ABOUT THIS EXERCISE: Pictures aside, write out every record exactly as it appears.

▼

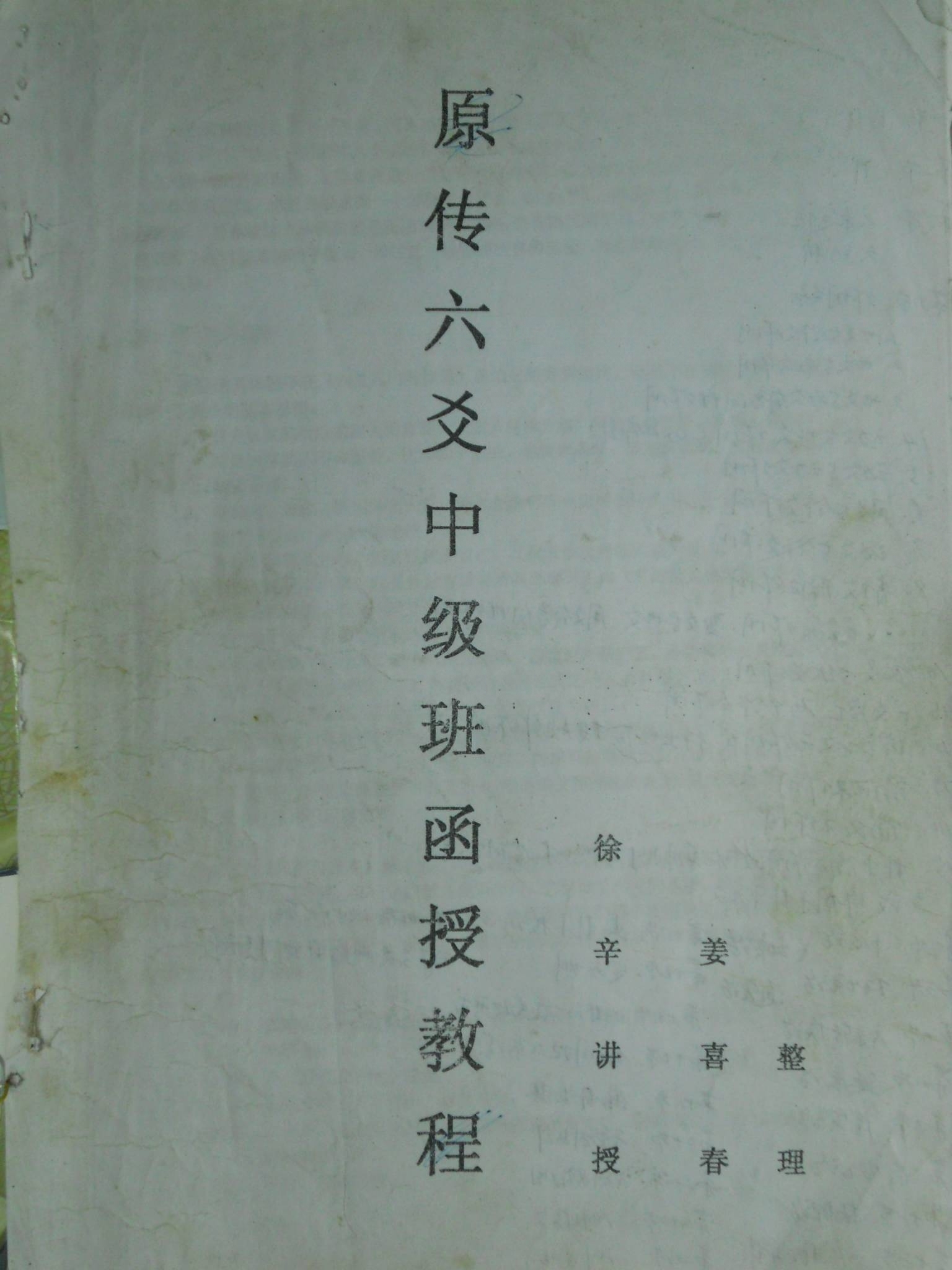 徐辛 原传六爻中级班8集视频+资料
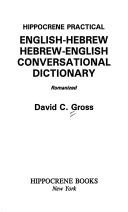 Hippocrene practical English-Hebrew, Hebrew-English conversational dictionary : romanized by David C. Gross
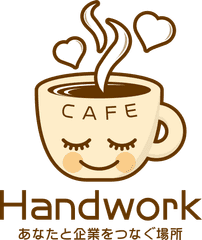 ステラコンサルティング、精神障害者等の就労困難者向け　
在宅ワークマッチングサービス「Handwork CAFE」を
6月5日に本格運用開始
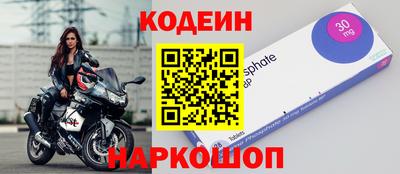 кокаин Апрелевка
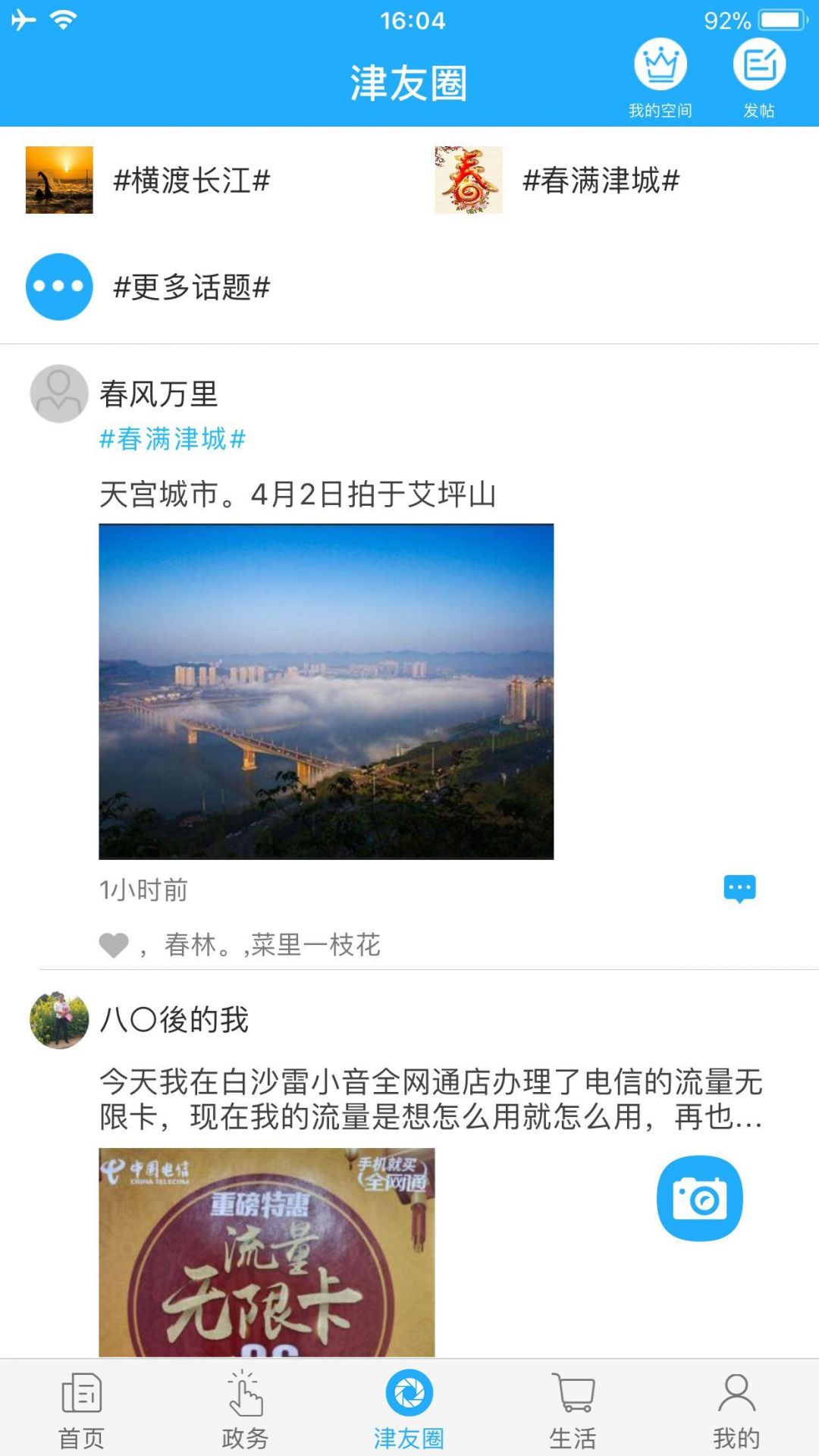 最江津截图3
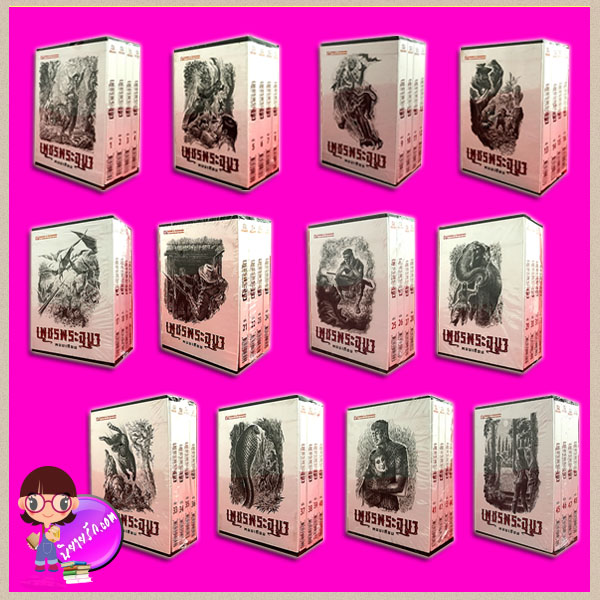 Box set เพชรพระอุมา เล่ม1-48 พนมเทียน ณ บ้านวรรณกรรม คลังนิยาย นิยาย นิยาย 20 นิยายรัก นิยายโรมานซ์ นิยายมือสอง นิยายความรัก นิยายรักซึ้งๆ นิยายรักโรแมนติก นิยายแฟนตาซี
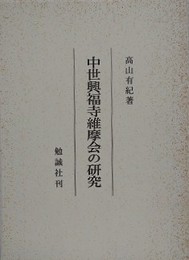 中世興福寺維摩会の研究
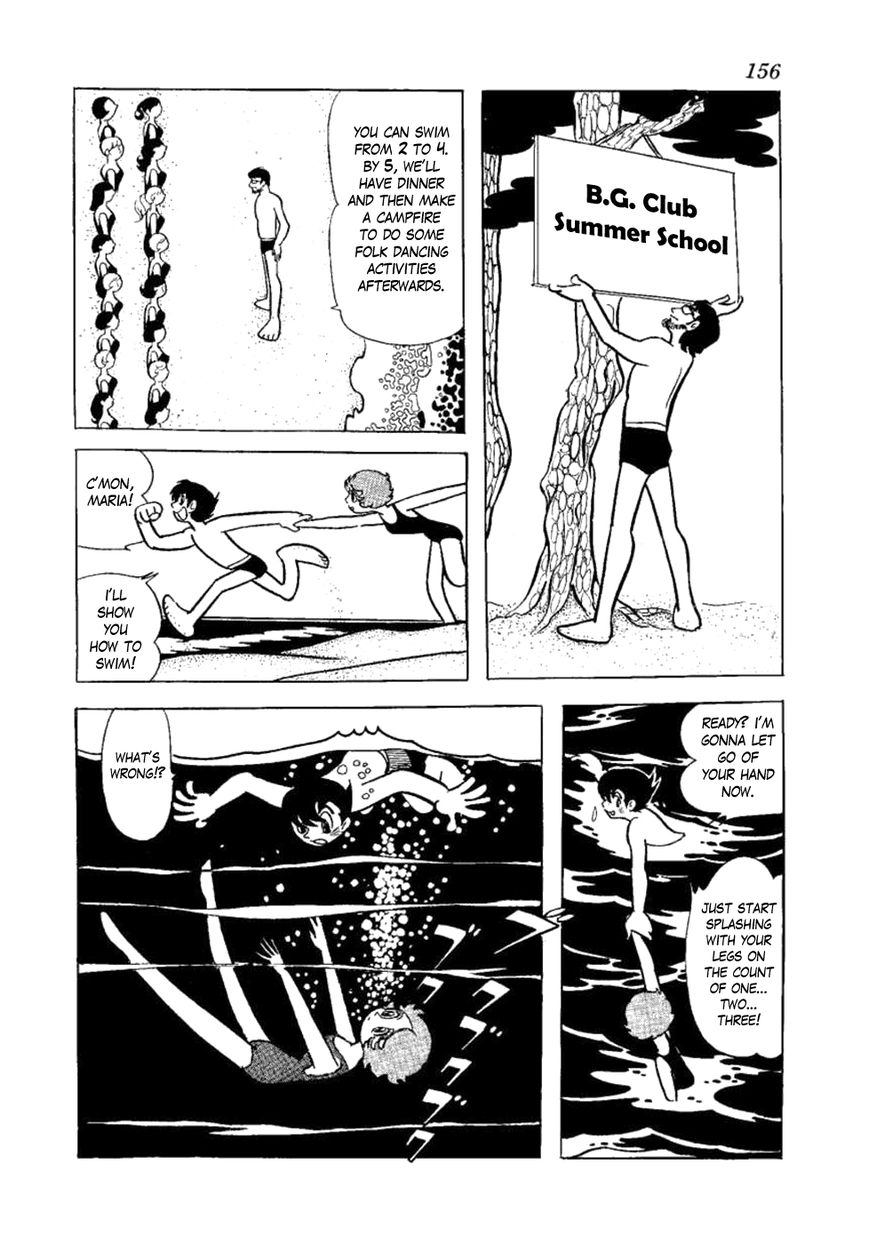 Yakeppachi no Maria Chapter 5 page 14 - Chapter 5 : B.G. Club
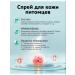 Spray against allergies and itching for dogs 100 ml - Buy Online on GoSupps.com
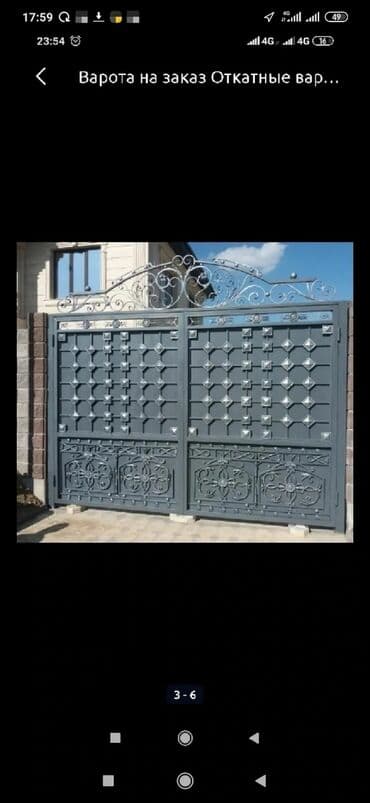 расценки на сварочные работы металлоконструкций: Варота качество зынк — 5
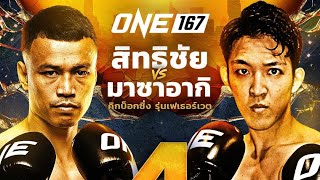 สิทธิชัยขอรับน้องนักมวยญี่ปุ่นสุดโหดอดีตแชมป์K1 Masaaki Noiri vs Sittichai Sitsongpeenong  ONE [upl. by Susann]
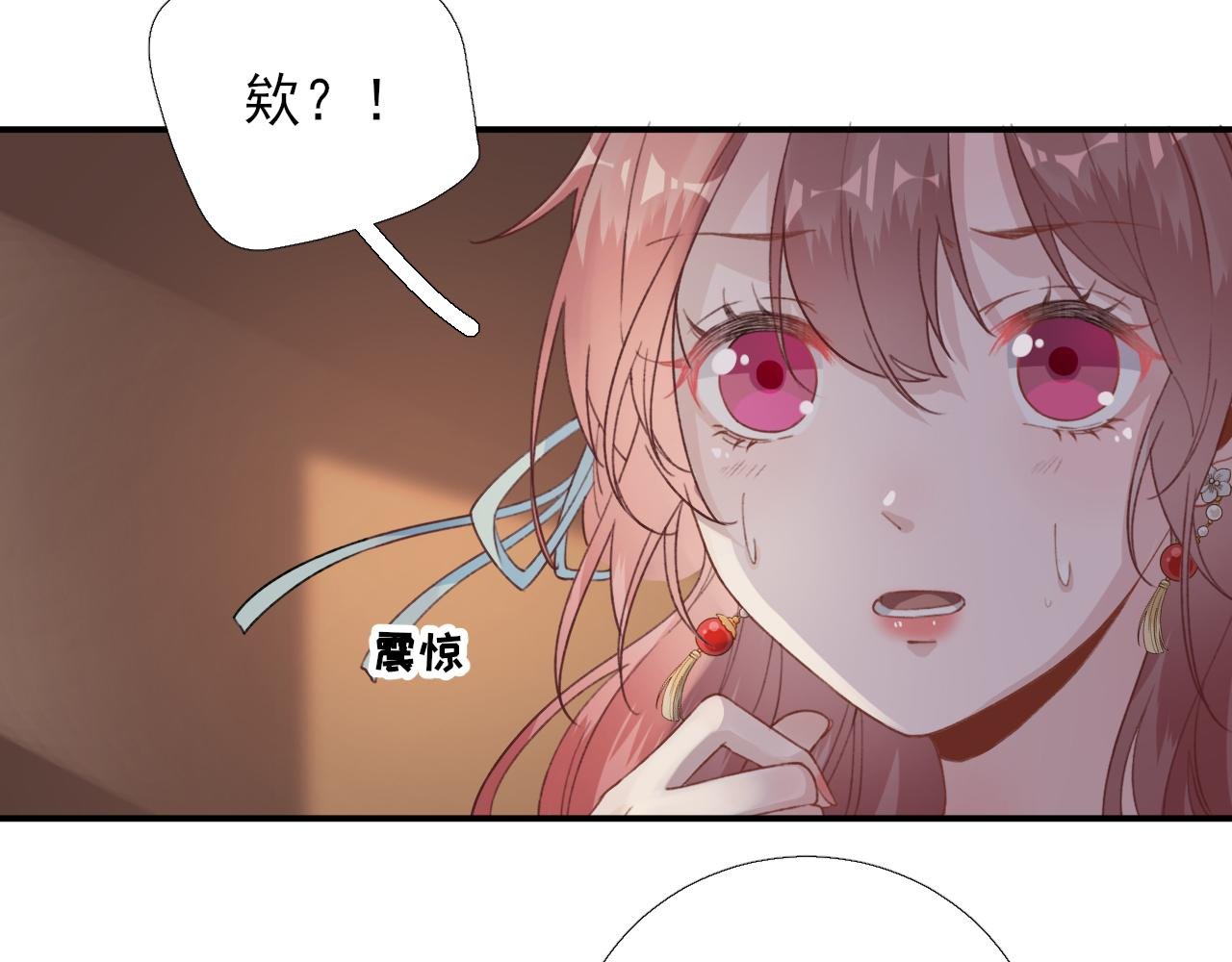 第99话 获救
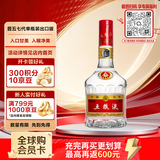 五粮液普五第七代浓香型白酒52度500ml单瓶送礼出口版官方授权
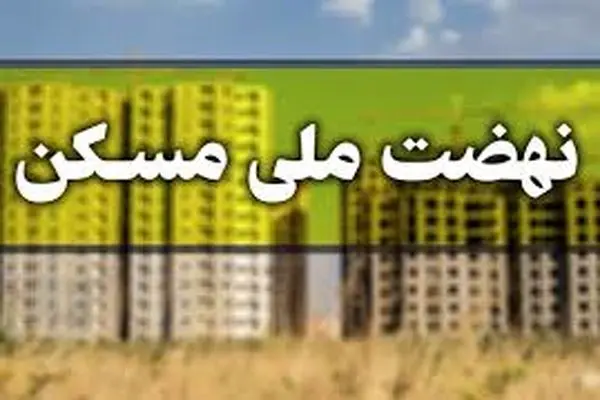 افزایش تسهیلات طرح نهضت ملی مسکن اراک در دستور کار قرار دارد / پیگیری رسیدن تسهیلات پروژه 8112 واحدی اراک به سقف 8 میلیارد ریال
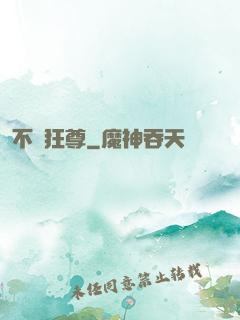 不滅狂尊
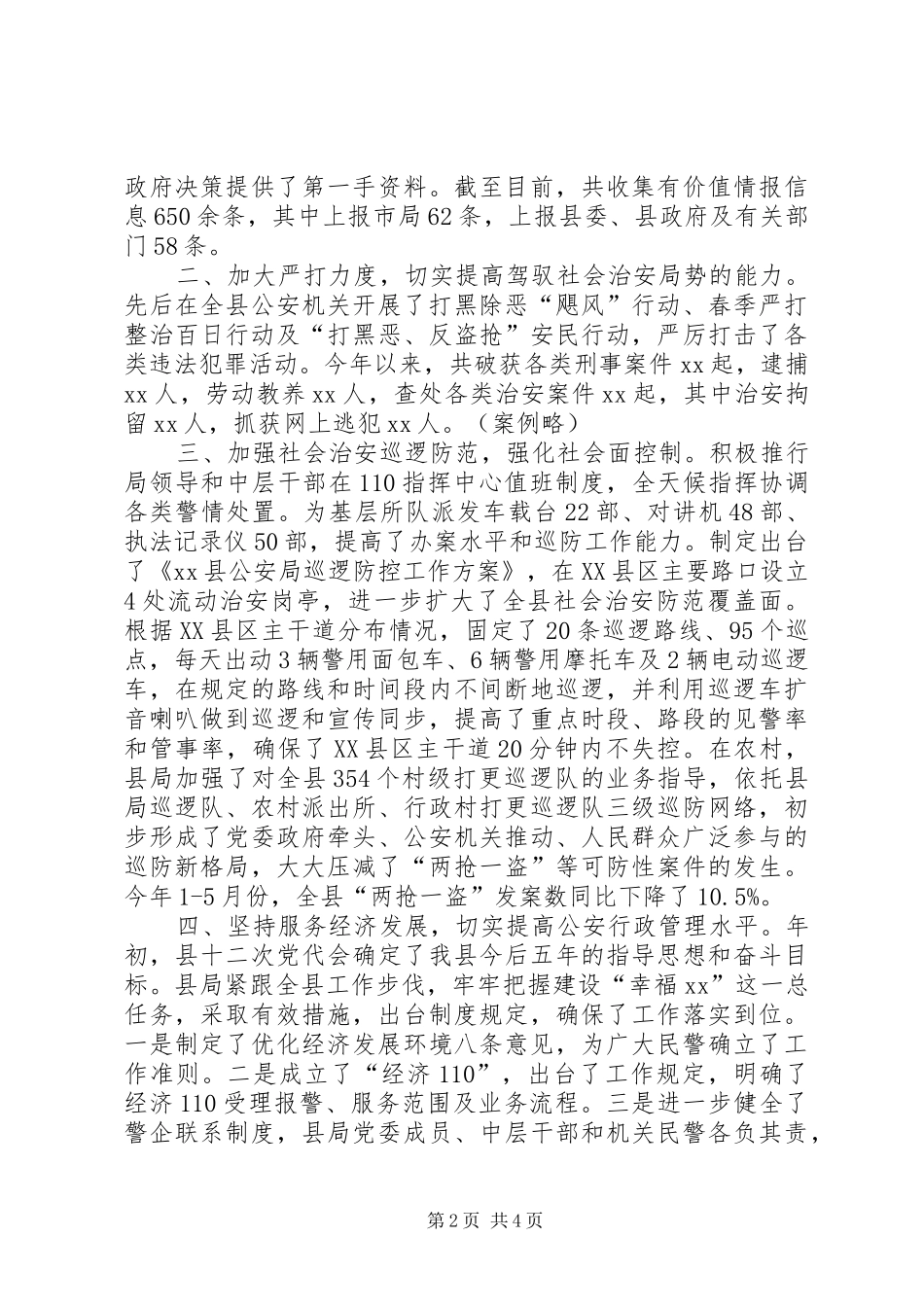县公安局半年工作总结_1_第2页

▲

PROBLEM SOLUTION:
 徐辛 原传六爻中级班8集视频+资料
 Hippocrene practical English-Hebrew, Hebrew-English conversational dictionary : romanized by David C. Gross
 ステラコンサルティング、精神障害者等の就労困難者向け　
在宅ワークマッチングサービス「Handwork CAFE」を
6月5日に本格運用開始
 кокаин Апрелевка
 最江津截图3
 Box set เพชรพระอุมา เล่ม1-48 พนมเทียน ณ บ้านวรรณกรรม คลังนิยาย นิยาย นิยาย 20 นิยายรัก นิยายโรมานซ์ นิยายมือสอง นิยายความรัก นิยายรักซึ้งๆ นิยายรักโรแมนติก นิยายแฟนตาซี
 中世興福寺維摩会の研究
 Yakeppachi no Maria Chapter 5 page 14 - Chapter 5 : B.G. Club
 Spray against allergies and itching for dogs 100 ml - Buy Online on GoSupps.com
 расценки на сварочные работы металлоконструкций: Варота качество зынк — 5
 สิทธิชัยขอรับน้องนักมวยญี่ปุ่นสุดโหดอดีตแชมป์K1 Masaaki Noiri vs Sittichai Sitsongpeenong  ONE [upl. by Susann]
 第99话 获救
 五粮液普五第七代浓香型白酒52度500ml单瓶送礼出口版官方授权
 افزایش تسهیلات طرح نهضت ملی مسکن اراک در دستور کار قرار دارد / پیگیری رسیدن تسهیلات پروژه 8112 واحدی اراک به سقف 8 میلیارد ریال
 不滅狂尊
县公安局半年工作总结_1_第2页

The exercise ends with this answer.